A Western official said blasts at the base put more than half of the Russian Black Sea fleet’s naval aviation combat jets out of use.
Blasts also rocked an ammunition depot at a military base in the north of the peninsula. Russia called it an act of sabotage while Ukraine only hinted it was responsible.
Russia’s FSB security service said this month it had detained six members of what it called an Islamist terrorist cell in Crimea, though it did not say if they were suspected of involvement in the explosions.
The Black Sea Fleet is larger than Ukraine’s navy and is a source of national pride dating back to its foundation under Empress Catherine the Great in 1783.
Crimea, which Russia seized from Ukraine in 2014 and has extensively fortified since then, provides the main supply route for Russian invasion forces occupying southern Ukraine, where Kyiv is carrying out a counter-offensive.
The fleet has blockaded Ukraine’s ports since the start of the war, trapping vital grain exports which are only now starting to move again under an agreement brokered by Turkey and the United Nations.
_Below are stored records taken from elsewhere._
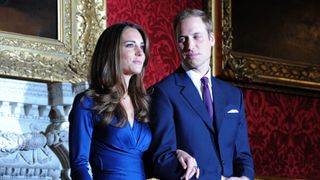 Prince William and Kate Middleton pose for photographs after the news of their engagement in 2010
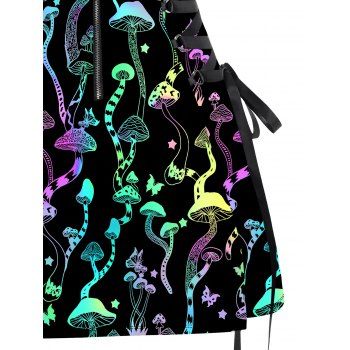 Lace Up Half Zipper Mini Dress Psychedelic Mushroom Butterfly Star Print Buckle Strap Dress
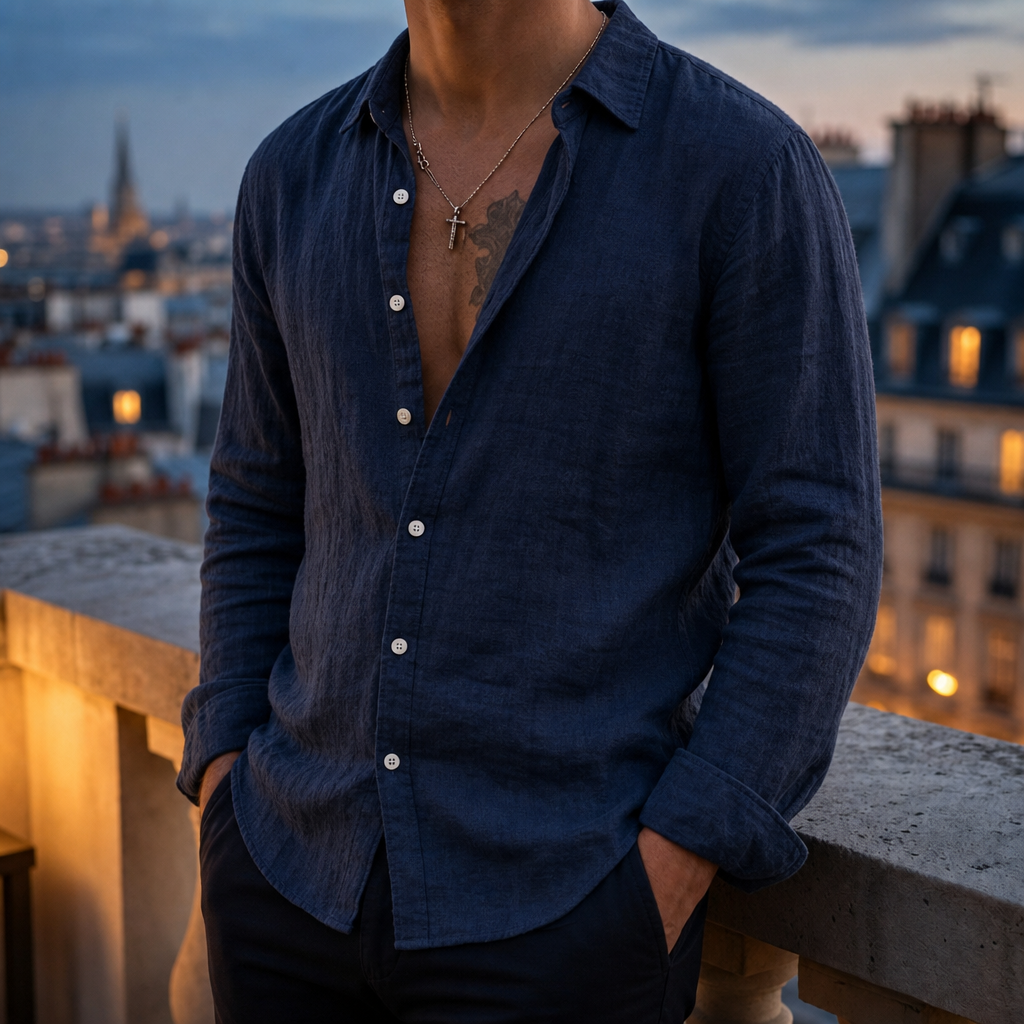 Cordoba Linen Long Sleeve Shirt in Navy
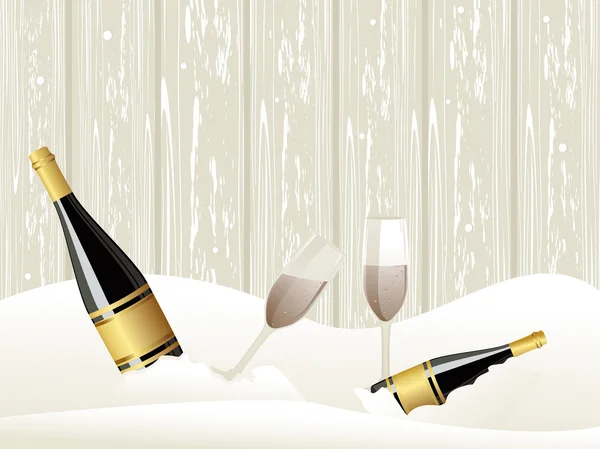Ice bakgrund med champagne flaskan, glasögon — Stock vektor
Ukraine’s blistering attacks on what Moscow saw as a secure rear stronghold have served as a morale-boosting coup for Kyiv.
The previous commander, Osipov, 49, had been in charge since May 2019, according to his official biography on Russia’s defence ministry website.
His replacement, Sokolov, 60, had extensive experience in commanding minesweeping vessels and units in the 1980s and 1990s.
He then rose through a series of posts in the Pacific and Northern Fleets, serving as deputy commander for the latter.
Since 2020 he has headed a prestigious military academy.